(TASK MATERIAL Opens)

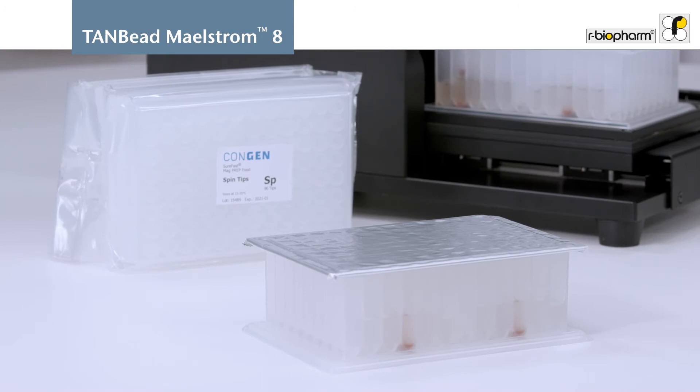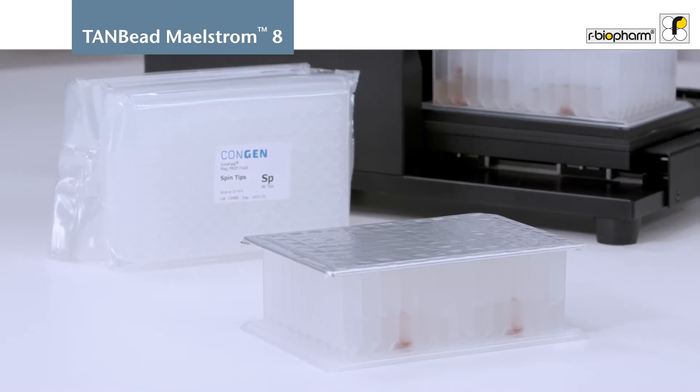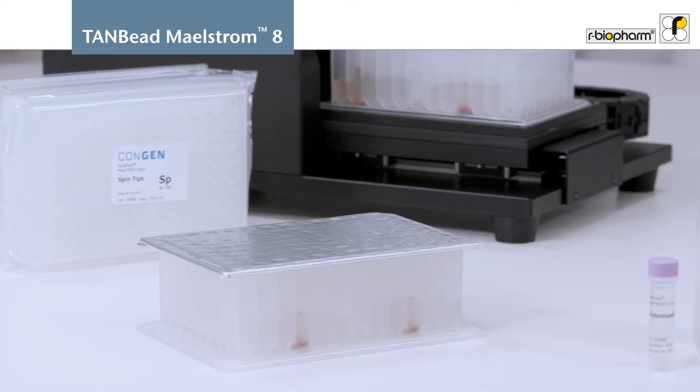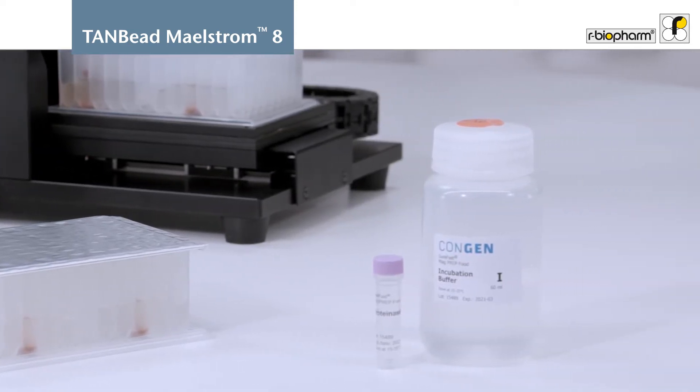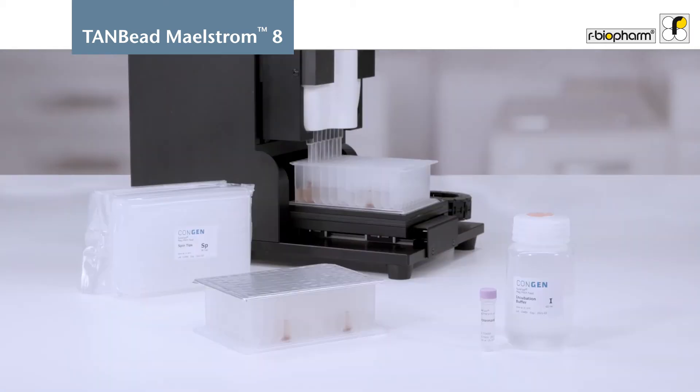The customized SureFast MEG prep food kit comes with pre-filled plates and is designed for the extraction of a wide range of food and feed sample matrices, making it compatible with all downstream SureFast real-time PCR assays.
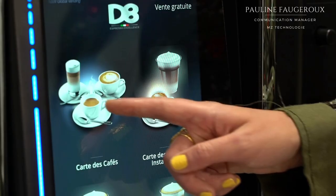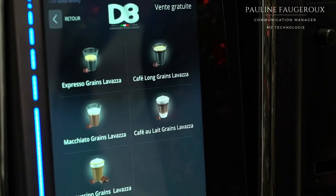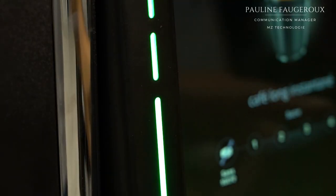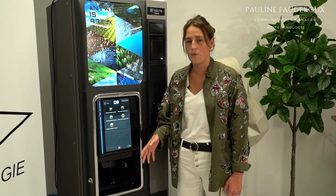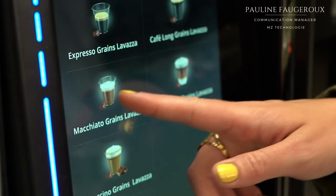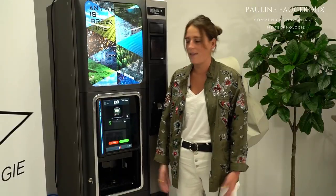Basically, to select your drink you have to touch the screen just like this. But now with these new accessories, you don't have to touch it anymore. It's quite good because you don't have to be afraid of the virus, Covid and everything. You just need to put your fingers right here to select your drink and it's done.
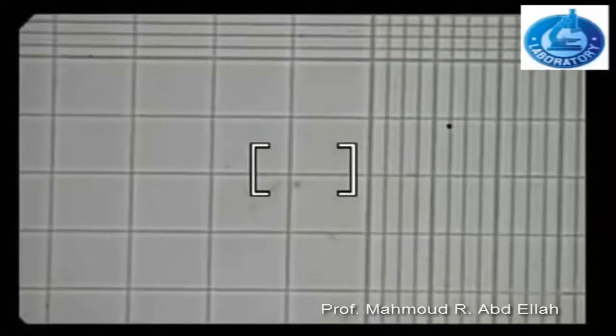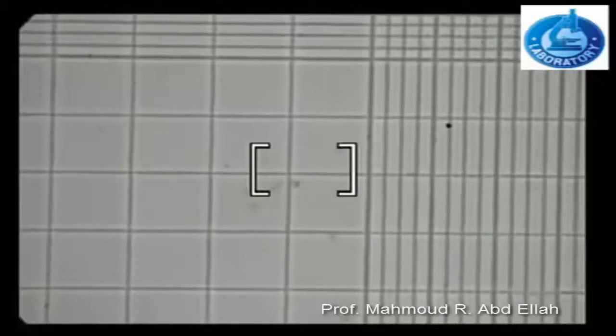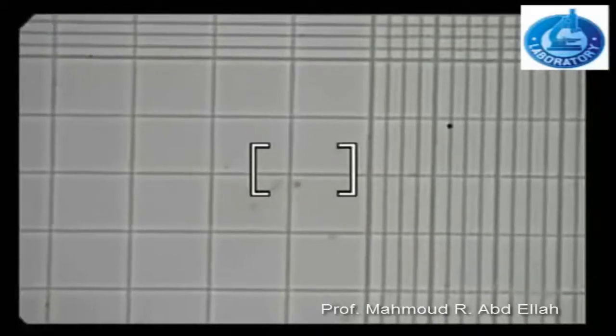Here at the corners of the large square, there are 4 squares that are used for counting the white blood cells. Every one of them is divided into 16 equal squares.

(TASK MATERIAL Closes)
(TASK MATERIAL Opens)

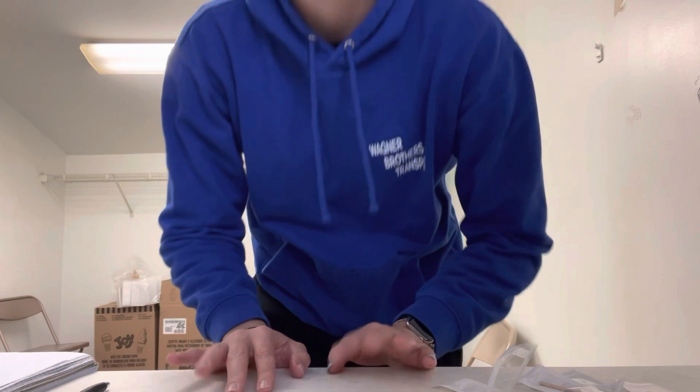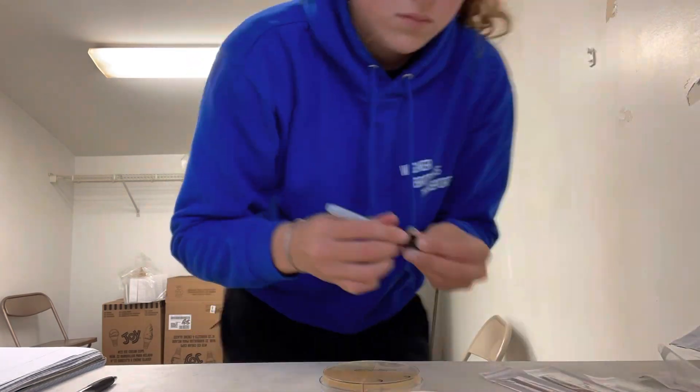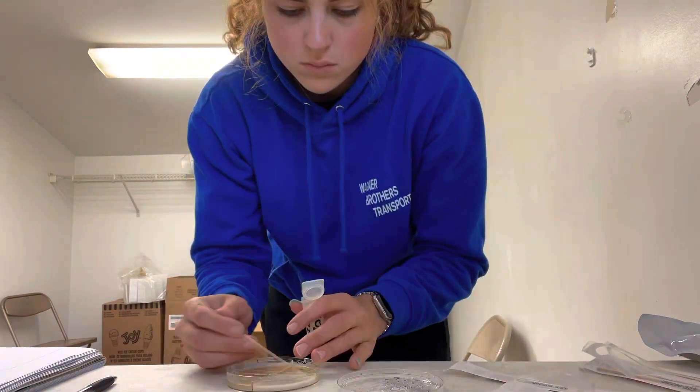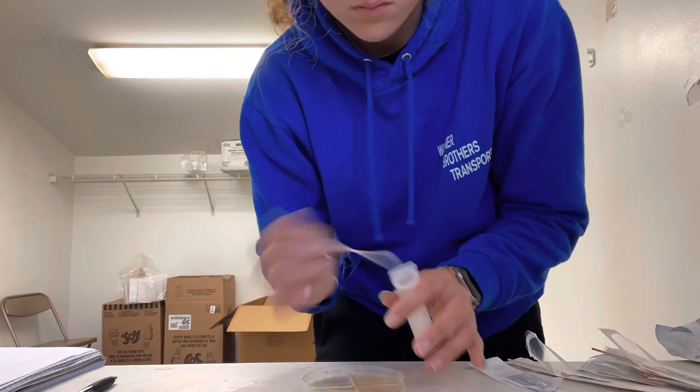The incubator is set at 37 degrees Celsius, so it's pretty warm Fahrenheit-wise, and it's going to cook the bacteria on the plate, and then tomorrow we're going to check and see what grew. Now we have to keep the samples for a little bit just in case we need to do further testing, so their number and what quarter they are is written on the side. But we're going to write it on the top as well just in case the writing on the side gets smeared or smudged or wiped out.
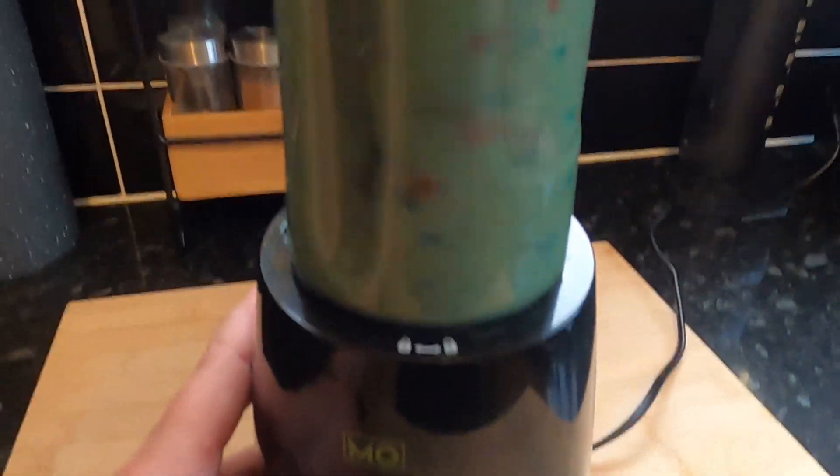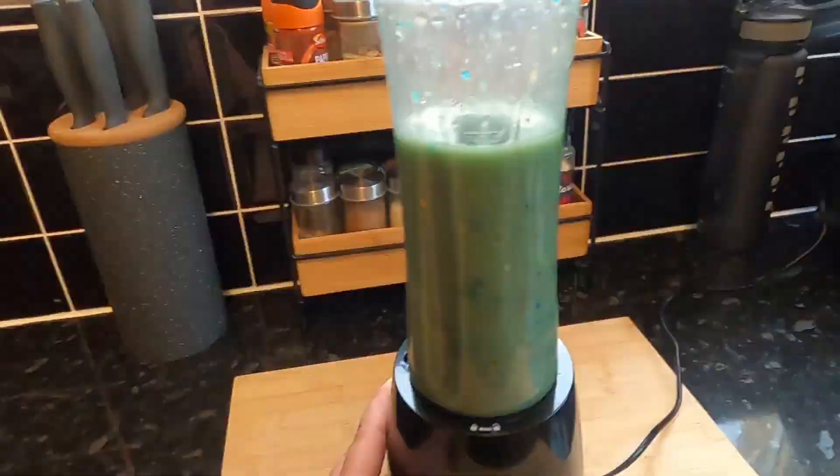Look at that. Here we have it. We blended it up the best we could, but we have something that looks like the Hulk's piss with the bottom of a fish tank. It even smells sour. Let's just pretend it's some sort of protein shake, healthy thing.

(TASK MATERIAL Closes)
(TASK MATERIAL Opens)

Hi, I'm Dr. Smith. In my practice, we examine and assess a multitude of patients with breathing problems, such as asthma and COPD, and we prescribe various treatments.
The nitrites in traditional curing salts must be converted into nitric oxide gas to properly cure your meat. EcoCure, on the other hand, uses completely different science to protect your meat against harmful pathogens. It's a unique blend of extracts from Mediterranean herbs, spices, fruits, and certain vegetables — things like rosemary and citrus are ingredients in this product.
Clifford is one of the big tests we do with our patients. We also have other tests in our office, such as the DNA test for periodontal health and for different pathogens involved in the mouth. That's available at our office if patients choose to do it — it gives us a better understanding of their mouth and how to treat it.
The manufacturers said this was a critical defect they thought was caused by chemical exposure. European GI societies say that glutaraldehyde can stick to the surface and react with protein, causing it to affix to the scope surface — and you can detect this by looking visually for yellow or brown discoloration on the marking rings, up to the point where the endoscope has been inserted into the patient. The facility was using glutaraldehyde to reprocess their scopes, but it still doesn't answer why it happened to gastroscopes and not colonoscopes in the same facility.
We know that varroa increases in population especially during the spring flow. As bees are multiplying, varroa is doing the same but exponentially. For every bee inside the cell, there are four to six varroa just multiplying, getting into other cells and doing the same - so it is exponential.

(TASK MATERIAL Closes)

» **WORK TO BE COMPLETED**: Using the data above, print only the lines starting at the one with "Basically, to select" and ending at the one with "Here at the", exactly as they stand, minus the pictures.

» **OUTPUT**:
Basically, to select your drink you have to touch the screen just like this. But now with these new accessories, you don't have to touch it anymore. It's quite good because you don't have to be afraid of the virus, Covid and everything. You just need to put your fingers right here to select your drink and it's done.
Here at the corners of the large square, there are 4 squares that are used for counting the white blood cells. Every one of them is divided into 16 equal squares.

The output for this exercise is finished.